K ₁ [M] Eglin C. Eglin B. 7x 10 "'" *) 3 x 10 "'" *) 2.6 x 10 "" **) 1.8 x 10 "" **) 1.2 x _{] O} -io 2 x 10 "'" 2x _lo -io 2.3 x ΙΟ " ¹⁰ 2.8 x J ₀ -IO 2.5 χ 10 "'"

The inhibitor according to the invention Eglin B has opposite to the system consisting of the enzyme chymotrypsin and the substrate 3-carboxypropionyl-L-phenylalanine-p-nitroanilide, a specific inhibitory activity of 115mIU / mg. The specific inhibitory activity of the Eglins C according to the invention compared to the system consisting of the enzyme chymotrypsin and the Substrate 3-carboxypropionyl-L-phenylalanine-p-nitroanilide, is 120mlU / mg.
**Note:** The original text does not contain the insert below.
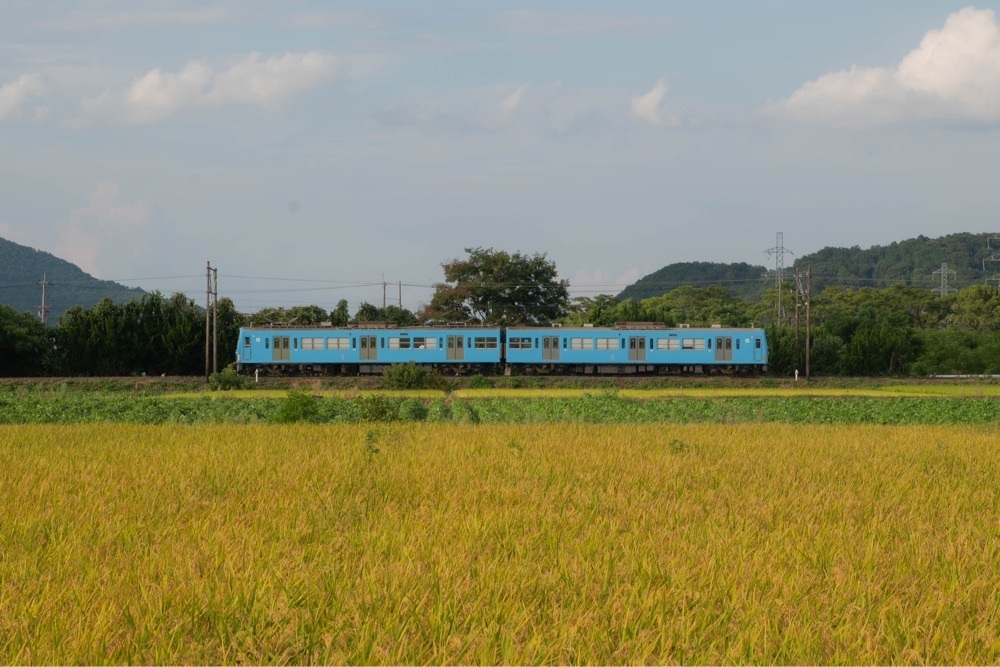 佳さんが投稿した近江鉄道株式会社に関する口コミの画像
The inhibition of the proteinases or proteases by the inventive Compounds were determined according to known methods (see Methods of enzymatic analysis, 3rd edition, VoLI, pages 1105 to 1121 and Anal. Biochem. 54, Pages 262 to 265). An inhibitor unit (IU) reduces the one catalyzed by the respective enzyme Hydrolysis of the 1 μΜοΙ per minute at 25 ° C. It will the complex consisting of the enzyme and the inhibitor by adding the two compounds to it a suitable buffer solution at 25 ° C. The enzyme and the inhibitor are about 5 minutes before added to the addition of the substrate to the buffer solution.
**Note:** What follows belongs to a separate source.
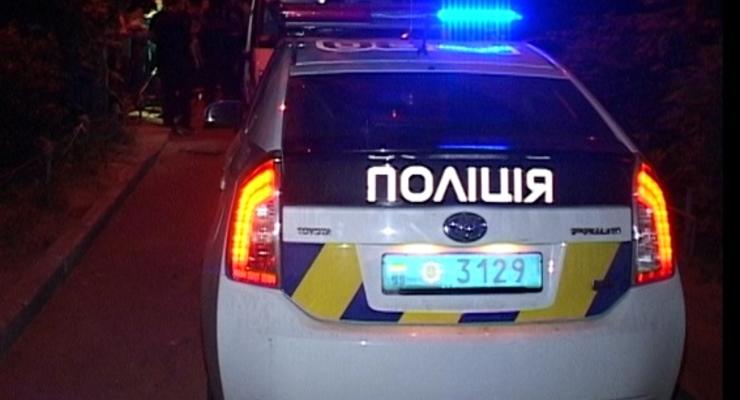 Полиция рассказала о версиях убийства мужчины в Киеве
To determine the amino acid composition of the inhibitors according to the invention, samples of Eglin B and Eglin C hydrolyzed in 6 η HCl for 20., 40 and 72 hours. The amino acid analysis was carried out with a Durrum analyzer carried out. The content of cysteine and methionine was determined according to the in Methods Enzymol. 11, pages 197 to 199 described performic acid oxidation method certainly. It was found that the compounds according to the invention do not contain any cysteine and methionine residues.

The tryptophan content was measured photometrically according to the method described in Biochem. 6, pages 1948 to 1954 The method described was determined for the determination of the end groups in Eur. J. Biochem. 7, pages 463 to 470 used the DANSYL method.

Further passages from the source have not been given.